I don't have a lot to say about "The Woman in Black". It's a ghost story, as you already know, a bit slow for most people's tastes, and it reeks of ITV trying to clone the more successful BBC's "Ghost Stories for Christmas". It even aired originally on Christmas Eve in 1989.

The way it was filmed made it look a lot like the M.R. James stories in particular, but it was just sort of soulless in comparison. Having a lot of recognisable TV faces probably didn't help much either especially David Daker who played the comedic Harry in "Boon" (1986) which I'm sure everybody watched religiously back in the day.
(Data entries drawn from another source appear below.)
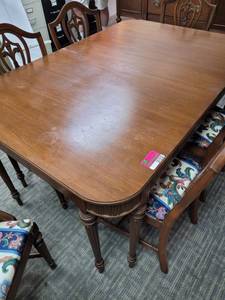 lot 31552 image: Table and 6 Chairs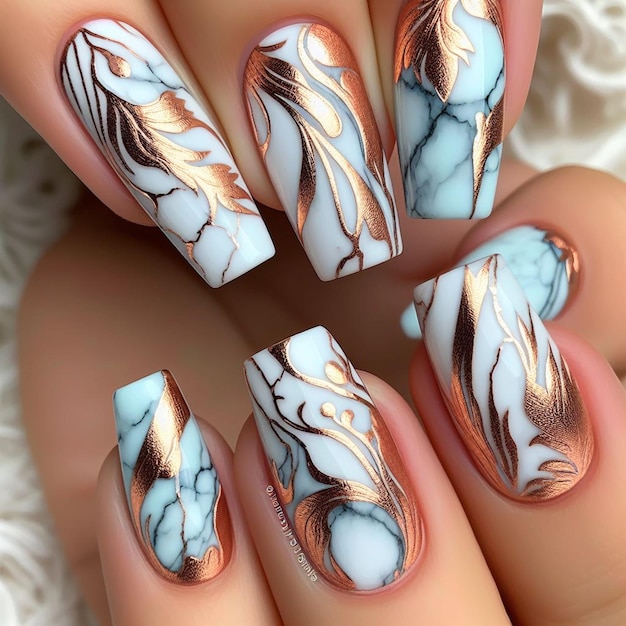 Nail art Rose Gold Veins on Marble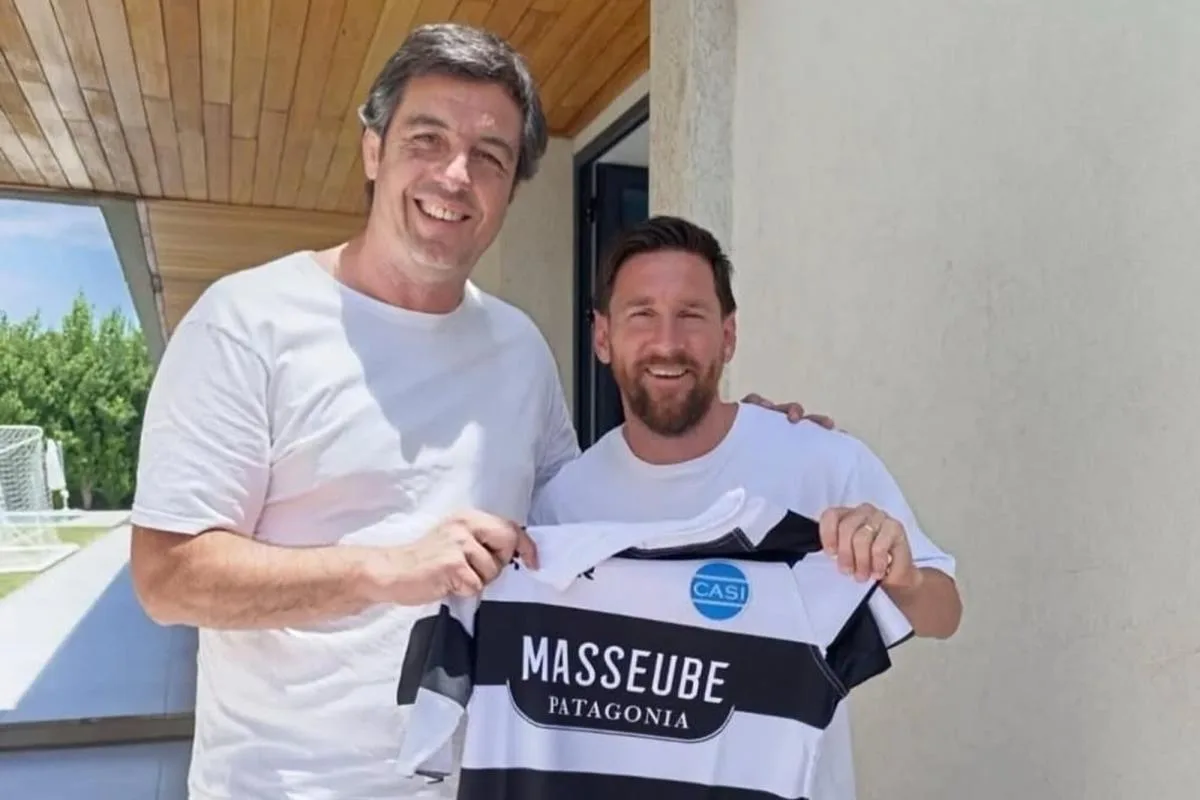 Lionel Messi a pris une photo avec le maillot CASI, après s’être montré avec un dunk qui portait le bouclier du club
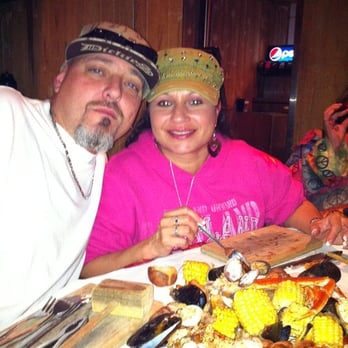 The Crab Pot - Enjoying the Westport - Seafood Near Me - Long Beach, California The Crab Pot - Enjoying the Westport - Seafood Near Me - Long Beach, California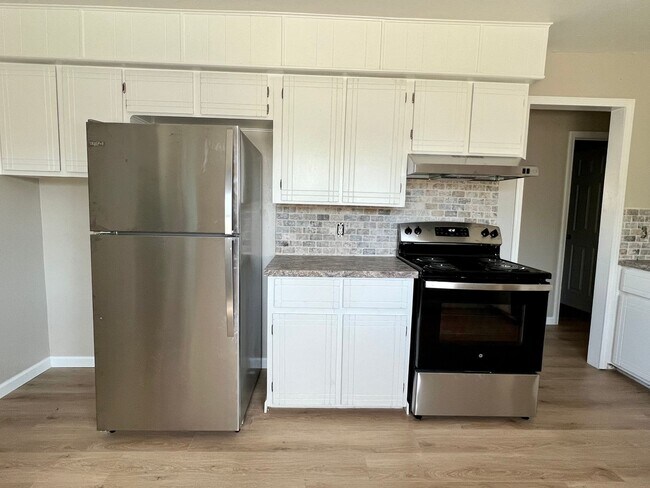 Building Photo - 4203 SE Dorchester- Available now!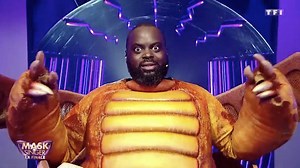 Mask Singer saison 2 : et le gagnant est... le manchot ! (VIDEO) - Stars Actu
The acting was okay so the fault lies more with the story itself not really being all that interesting. Apart from one scene, it wasn't all that scary either but "that scene" is certainly up there with the little Glick boy floating through the window in "Salem's Lot" (1979) in terms of shit-yer-pants-scariness.

It appears that "The Woman in Black" was based on a book (and a stage play) by Susan Hill. I've never read it or heard of Susan Hill either before or since so I have nothing to say about that at all. Nigel Kneale of "Quatermass" fame wrote the screenplay and, to be fair, it's about as good as anything else he ever did.

The bottom line is that if you are in the mood for a period ghost story which looks a bit like "The Others" (2001) and even more like "Whistle and I'll Come to You" (1968), "The Treasure of Abbot Thomas" (1974) or "A View from a Hill" (2005) then you'll probably enjoy this one too.